In the middle of the lower Chesapeake Bay, almost facing each other across the Maryland-Virginia state line, sit two centuries-old, remote, and threatened communities.

Both Smith Island, Maryland, and Tangier Island, Virginia, were first mapped by Captain John Smith in 1608. Welsh and English settlers mainly took to Smith, while natives from England’s West Country favored Tangier. Residents of both islands retain unique “relic dialects,” passed down from their ancestors and preserved by isolation. Watermen here have lived off the bay’s oysters, crabs, and fish for almost 200 years. Their family names resound throughout the islands: Evans and Tyler on Smith; Parks, Pruitt, and Crockett on Tangier.

Life here is slower and quieter than on the mainland. Even with regular ferries, these are secluded places: few stores, almost no cars, and no bars (both Tangier and Smith are dry). The islanders constitute a tough and independent lot: Tangier folks refused to join the Confederacy over slavery, while Rhodes Point village, on Smith Island, was once known as “Rogues Point” for area pirates who operated from there.

Visitors can explore on foot, by bike (rentals are available on-island), and by boat. Both islands offer overnight accommodations in a few B&Bs—and take pride in distinct local fare. Smith Island Cake, a towering layered confection, is Maryland’s official dessert, while Tangier justly claims to be “the soft-shell crab capital” of the nation.

With their low-lying shores yielding to erosion and storm surges, these two marshy “islands out of time” may be running out of time. Yet islanders are fighting to hang on, holding fast as long as they can to their thin and vulnerable homes. —Stephen Blakely

Travel Tips

When to Go: Mid-May through September for soft-shell crab season and daily ferry service

How to Get Around: Take a ferry to get to either island, and charter a ride to travel between the two. In the off-season, October through April, ferries are available but less frequent.
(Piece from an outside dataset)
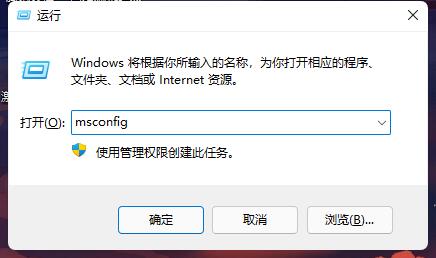 win11开机自启动在哪里设置(win11系统记事本在哪)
Smith ferries leave from Crisfield, Maryland, and go either to Ewell, one of two villages on the northern part of the island, or Tylerton, on the southern end. In Ewell, walk or rent a golf cart or bike. From here, it's about two miles to the neighboring village, Rhodes Point. Tylerton is separated from the rest of the island by Tyler Creek.

To reach Tangier, take a ferry from Crisfield, or from Onancock or Reedville, Virginia. The island is easy to navigate on foot, or you can rent a golf cart or bike at Four Brothers Crab House & Ice Cream Deck.
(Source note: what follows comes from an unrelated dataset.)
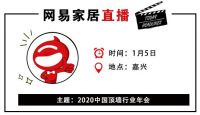 网易直播丨2020中国顶墙行业年会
Where to Stay: The Smith Island Inn in Ewell is a comfy and quaint bed-and-breakfast with three guest rooms. Rates include use of bikes, canoes, and kayaks. On Tangier, the Bay View Inn has two guest rooms in the historic main house, built in 1904, plus two small cottages and seven motel rooms. Rates include daily made-to-order breakfasts and golf-cart transfers from and to the ferry.

What to Eat or Drink: At Fisherman's Corner, try soft-shell blue crab, prepared Tangier-style (dusted with seasoned breading and fried), in a white-bread sandwich or as an entrée. If soft shells aren't in season, order Uncle Frank's Fried Crab Cakes: two fresh, lump Chesapeake Bay blue-crab-meat patties pan-fried to a golden brown.

What to Buy: At Smith Island Baking Company, try a slice of original-recipe Smith Island Cake—a melt-in-your-mouth, ten-layer tower built with moist yellow cake and fudge frosting. Buy a whole cake at the bakery to take with you or to have shipped via FedEx.

What to Watch Before You Go: The short, documentary-style video "A Waterman's Life" (National Geographic, 2005) was shot on location in the waters off Tangier Island and is narrated by Tangier's waterman mayor, James Eskridge, Jr.

Cultural Tip: Islanders live with one foot in the water. Follow their lead by hiring someone to take you out on a boat, renting a kayak, or taking a waterman's tour with a Tangier captain.

Did You Know? During the War of 1812, Tangier Island was a safe haven for nearly 1,000 escaped slaves. Since the island was controlled by Britain, which had outlawed slavery in its territories, slaves who made it to Tangier became free subjects of the British Empire. When the British evacuated the island in 1815, the former slaves moved to colonies in Canada and the Caribbean.